-- Extracted records --

• • • •

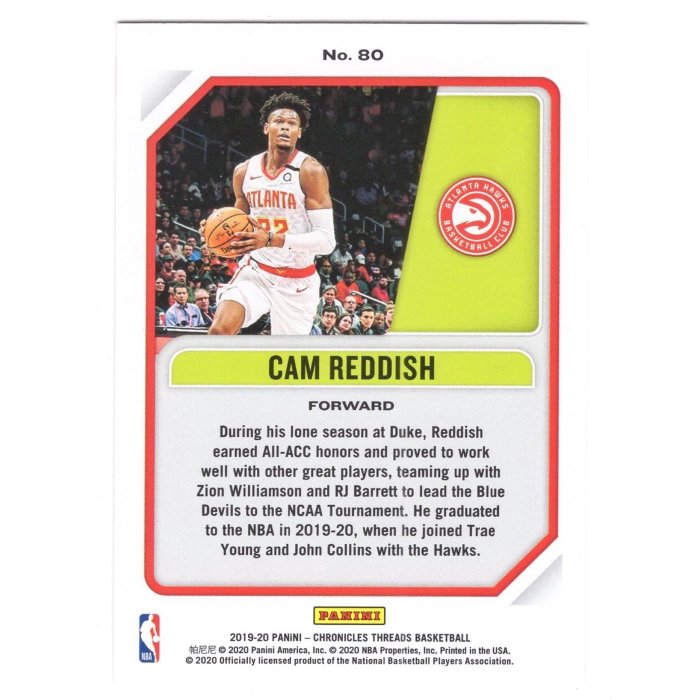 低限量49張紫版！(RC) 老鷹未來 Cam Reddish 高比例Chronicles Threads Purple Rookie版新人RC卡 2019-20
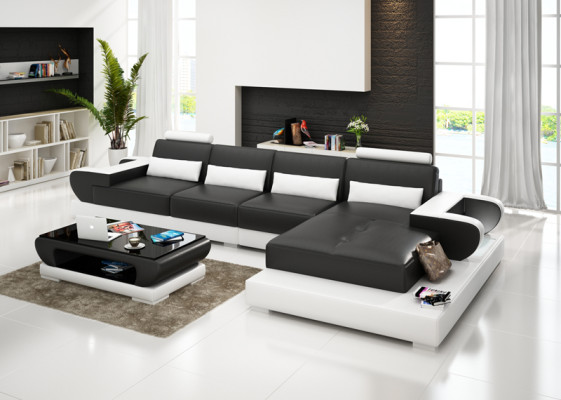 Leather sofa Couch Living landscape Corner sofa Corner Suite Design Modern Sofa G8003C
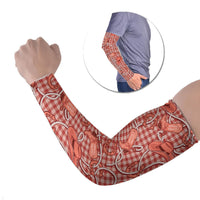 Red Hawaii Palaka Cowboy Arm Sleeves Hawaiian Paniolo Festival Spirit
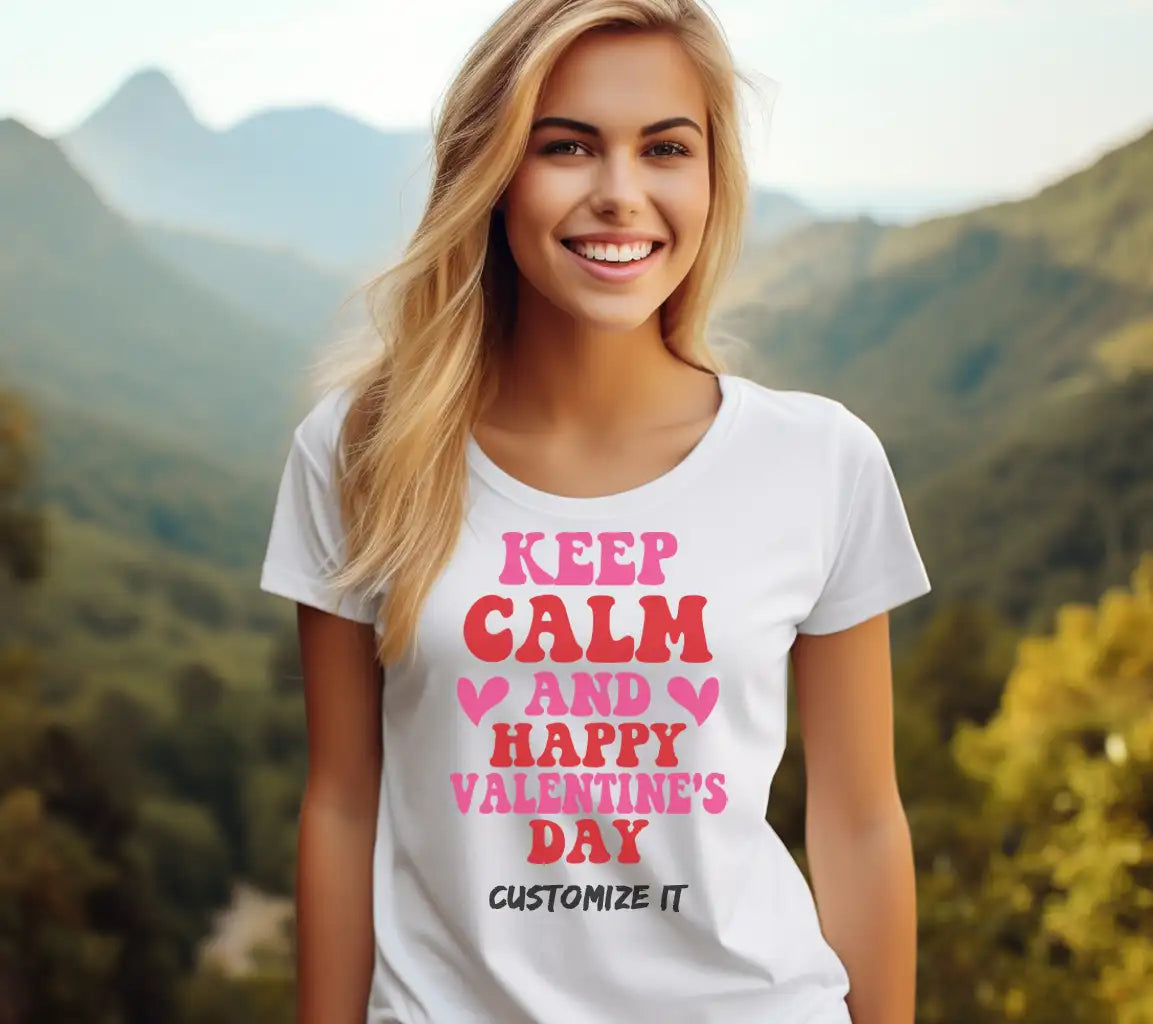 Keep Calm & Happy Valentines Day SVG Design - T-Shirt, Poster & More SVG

• • • •

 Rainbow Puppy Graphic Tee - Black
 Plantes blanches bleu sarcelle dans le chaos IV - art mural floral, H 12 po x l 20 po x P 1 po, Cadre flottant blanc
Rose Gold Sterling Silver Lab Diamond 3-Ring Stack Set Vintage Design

• • • •

In the listing above, find the line containing "低限量49張紫版！(RC) 老鷹未來 Cam" and the line containing "Keep Calm &", then return both of them and every line between, exactly, without pictures.

 低限量49張紫版！(RC) 老鷹未來 Cam Reddish 高比例Chronicles Threads Purple Rookie版新人RC卡 2019-20
 Leather sofa Couch Living landscape Corner sofa Corner Suite Design Modern Sofa G8003C
 Red Hawaii Palaka Cowboy Arm Sleeves Hawaiian Paniolo Festival Spirit
 Keep Calm & Happy Valentines Day SVG Design - T-Shirt, Poster & More SVG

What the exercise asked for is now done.